Russell T Davies was at a wedding recently when a guest complained about what he'd done to TV's Doctor Who, an otherwise wholesome family drama. "She told me she was shocked because Captain Jack is bisexual and wouldn't let her children watch it," says Davies. "I had such a go at her. I said: 'You're an unfit mother. You're ignorant. Your children are cleverer than you.' Then her husband came up and I thought there was going to be a fight, but they left."
Davies takes a drag on his cigarette, exhales and gives me a self-satirising glance: "I can be very bolshie, you know." Then the man the Guardian newspaper reckons is Britain's 15th most powerful media player, the writer who made it not only safe but near-obligatory to watch Saturday night TV again, all 6ft 6in of him, leans over, squeezes my arm and giggles maniacally. He does that a lot during the interview. Not that I'm complaining.
"I didn't make Captain Jack bisexual from any principle, but because I thought it would be more interesting for a narrative point of view. But, having created him, I'll defend him to the hilt."
We're sitting at a cafe terrace overlooking Cardiff Bay, in all its rejuvenated pomp. For all the signs of the Welsh capital's renaissance - new assembly hall, slate-covered Millennium Centre, ferris wheel - this is a corner of the world colonised by Davies's empire. On the boardwalk below, a TV crew is filming Captain Jack Harkness in a scene for the Cardiff-set Doctor Who spin-off, Torchwood. Children wander around carrying bags from the nearby Doctor Who Up Close exhibition. Across the bay, in a gleaming steel-and-glass block, is one of Davies's apartments (he has another in Manchester), where he concocts storylines for the sci-fi drama that he so successfully disinterred from TV oblivion two years ago.
A small boy approaches our table. His dad asks Davies to autograph the exhibition flyer.
"Who shall I make it out to?"
"Just your name, please," says Dad.
"So you can sell it," jokes Davies, giggling. But he has a point: such is Davies' cachet even his scrawl on a flyer could become eBay gold. He is often mentioned with Paul Abbott and Jimmy McGovern in the holy trinity of British TV writers, but only one of them gets approached by small boys for such favours on a regular basis.
"I love it," says Davies. "The only place I don't like the attention is in gay clubs." You don't strike me as the least Garboish. "Oh, but I am. I love to watch the ghetto come to life - all those people from and becoming themselves at night. But I do miss my privacy. God knows what it must be like for [Doctor Who actor] David Tennant." Do you love the power? "Don't pay any attention to it. It means nothing to me that I'm now the 15th most powerful person in the media when I was 28th last year." I consult my notes: he has the Guardian's rankings bang on. "All right," he giggles, "you've caught me out. Only 14 more people to kill now and I'll rule the world."

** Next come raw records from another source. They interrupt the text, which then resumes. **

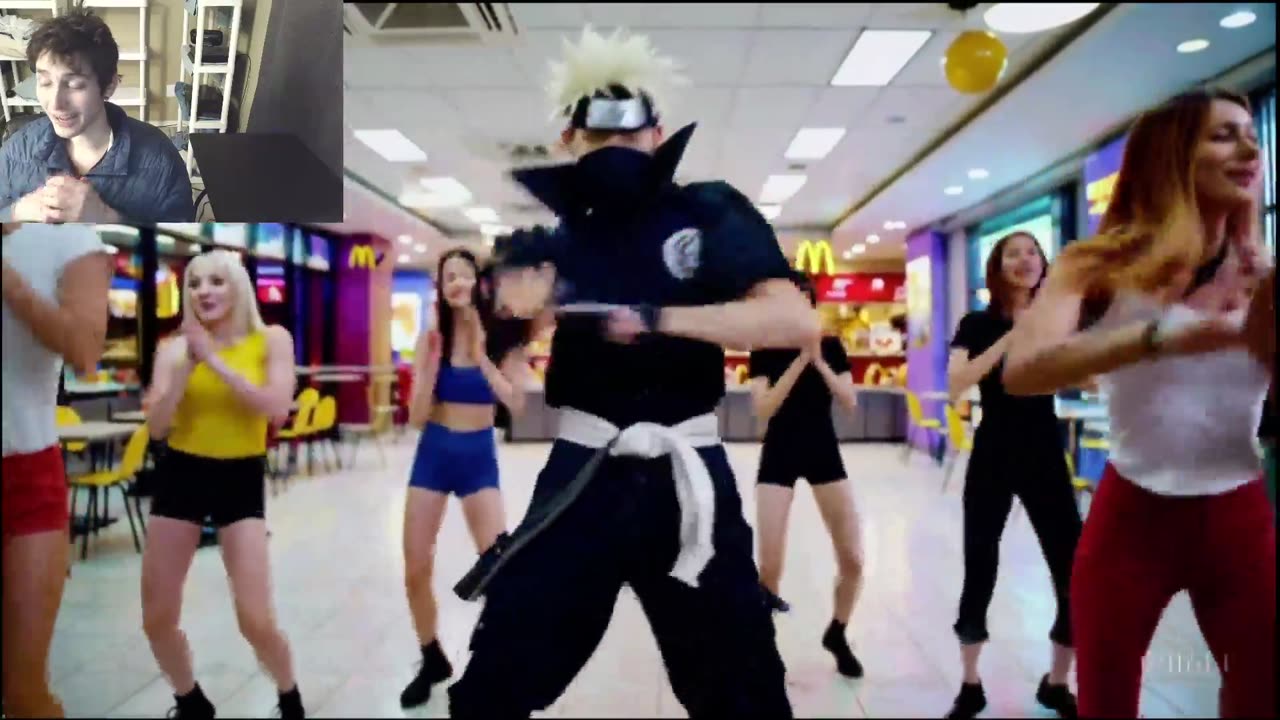 Kakashi From The Naruto Shippuden Series Dancing With Women At A McDonald's Restaurant Fake Funny Parody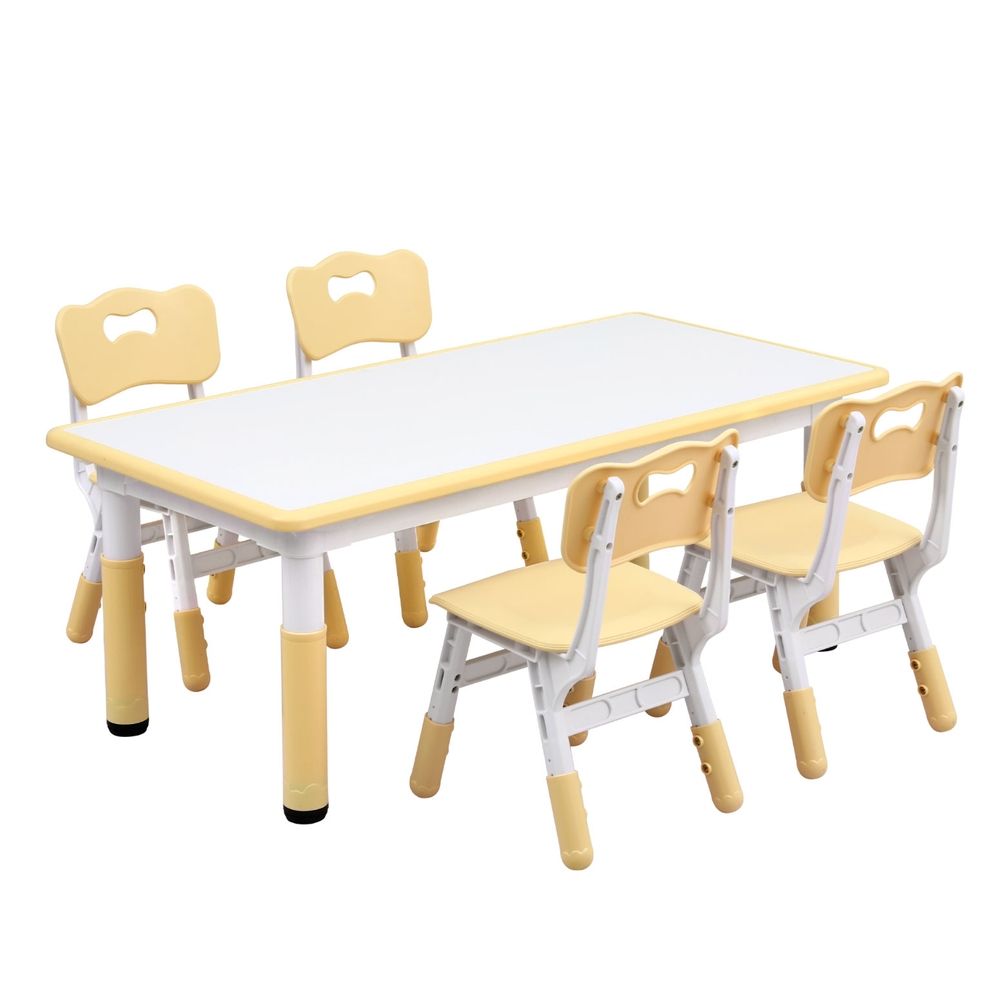 Keezi Kids Table and 4 Chairs Set Height Adjustable Toddler Desk and Chair Set for Ages 3-8, Children Activity Table with Graffiti Desktop for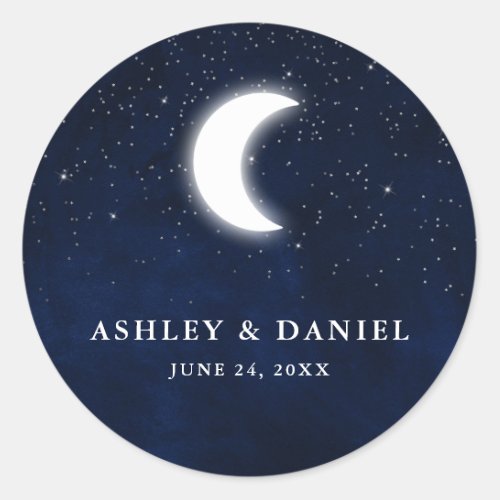 Celestial Wedding Watercolor Blue Sky Moon Stars Classic Round Sticker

We're ostensibly meeting to discuss The Sarah Jane Adventures, a tea-time Doctor Who spin-off that Davies has exec-produced and script-edited. Aliens have infiltrated a school in west London and - as they will - propose to destroy the planet unless our schoolkid heroes can stop them. As is so often the case with Davies's work, The Sarah Jane Adventures is striking not so much for its green and flatulent baddies, but for the goodies forming what he calls an invented family. Two of the schoolkid leads are from recently divorced families and another, who may not even be human, has been adopted by Sarah Jane who is (I love this bit) an investigative journalist specialising in aliens.
"What I've often done is to construct invented families where the bonds are better than natural ones." Is that a gay writer's thing - it does sound a tad Armistead Maupin. "Probably. It's not often self-conscious; usually I just have an instinct that these invented families make better stories. I would add that my parents were always very lovely to me. I came out to them when I came home from Oxford (University), and they were fine."

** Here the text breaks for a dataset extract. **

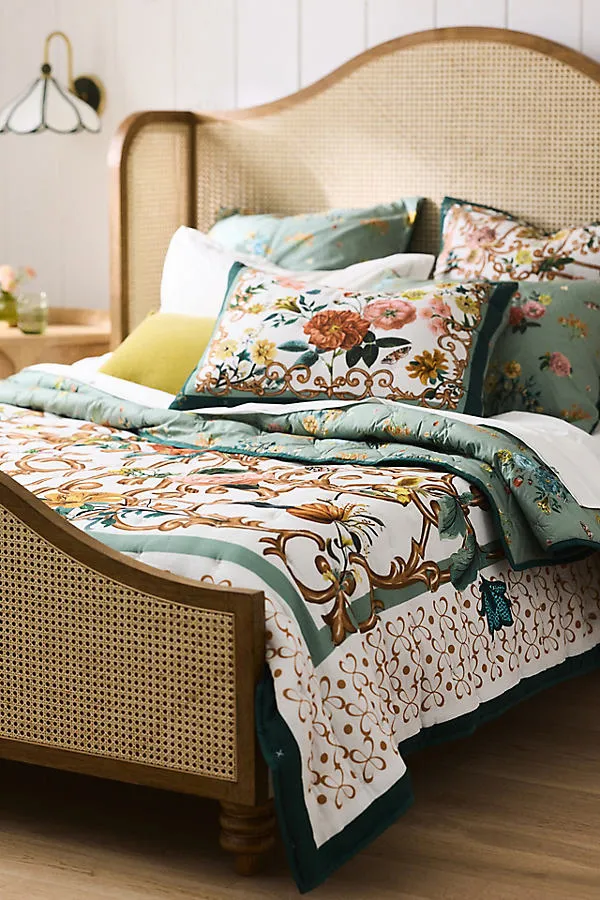 King/Cal King Cotton Novelty Printed Quilt - Green, Organic Cotton by Anthropologie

What did his mum and dad make of Queer As Folk, the 1999 Manchester-set drama that made their son famous? How did they react to the scenes of masturbation, rimming and the rest?
"Interesting story, Stuart." He squeezes my arm and giggles. "My dad lost his sight so my mum, who died in 2001, would describe what was on telly for him. God knows the words she used. She got into the habit of describing what was on telly when he wasn't there, and if I was round, I'd have to say to her: 'I know, Mum. I can see what's happening.' She said: 'This is porn.' And I said: 'Well, no, it isn't.' "
Just when I think Davies is going to be disparaging about his parents, he says something touching and tears well up in his eyes. "When Queer As Folk was on they were 70-year-olds from Swansea, which wasn't the most liberated place in the world. And I suspect they got flak from friends, but they never bothered me with any of it."
DAVIES WAS BORN in Swansea 44 years ago. "Do you know Kingsley Amis's The Old Devils? My parents were just like that. Or rather, just like the TV adaptation." He went to the local school with 2,300 others. "Now there are children called gay teenagers and I hate them." Why? "Pure jealousy. I never came out at school and so missed out on the snogging and dry-humping. I, like most of my gay contemporaries, had 10 damaging years where we didn't do all that adolescent fumbling - that's why there's still such a sexual frenzy for gay men in their 20s." And why, no doubt, Queer As Folk, which Davies wrote aged 35 as a farewell to his real-life rauncherama, was so eye-poppingly explicit.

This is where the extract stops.